En la parte más baja esta ese estado representado por la cifra 6144 donde todo carece de significación.

Todo esfuerzo correcto radica por lo tanto en acrecentar la Unidad que solo se logra por el acrecentamiento de Conciencia.

Cuanto más irreconciliables son los opuestos en uno mismo, menores serán los significados por los cuales se vive.

La unión de los opuestos concede el mayor significado.

El significado surge de la conjunción y armonización de los opuestos realizada por medio de la fuerza conectante llamada Tercera Fuerza o Fuerza Neutralizante.

Esta Fuerza Neutralizante hace que los dos opuestos hasta entonces antagónicos y hostiles den una vuelta en redondo y se enfrenten y cooperen y produzcan algo, en lugar de estar luchando el uno contra el otro.

Cuando les dije que es preciso llevar el lado en tinieblas —el otro lado de ustedes— ese lado del cual ustedes no tienen conciencia —a la luz de la Conciencia, y no seguir imaginándose que lo que lo admitido por la conciencia es toda su persona, me refería a esta unión de los opuestos en uno mismo— de las contradicciones no reconocidas o aun no percibidas.

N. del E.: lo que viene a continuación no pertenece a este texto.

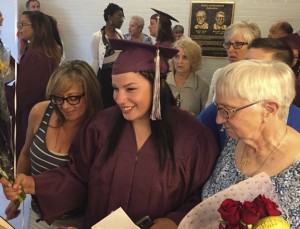 Bailey Messenger, center, celebrates with family members following her graduation from Naugatuck Adult Education Thursday night. With her are her mother, Courtney Messenger, left, and her great grandmother, Hellen Rotunda. -REPUBLICAN-AMERICAN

Es tanto lo que debemos comprender aquí que no diré otra palabra, a menos de disponer de mucho tiempo.

Empero, en todo ese tiempo el Trabajo nos lo ha explicado en todo lo que dice.

Todo esfuerzo correcto radica en acrecentar la Conciencia —la Conciencia de sí—.

Pero muchas cosas, particularmente los topes, nos lo impiden.

Somos todos ángeles, y cada cual es un diablo, poco más o poco menos.

Nunca nos comportamos mal hacia los otros.

Por supuesto, no.

Sin embargo, ¿no es de extrañar que nuestra Conciencia no alcanza a arrojar luz a ambos lados de un tope para permitirnos ver por nosotros mismos nuestras contradicciones interiores?

Pues bien, no es extraño si se reflexiona que el Hombre fue hecho como organismo auto-desarrollante —esto es, capaz de crearse a sí mismo— y que si el hombre no lo comprende puede descender a la total insensatez representada por la cifra 6144.

Y, si me siguen, la total insensatez equivale a las tinieblas totales.

Así es necesario, como dije al iniciar este comentario, luchar arduamente.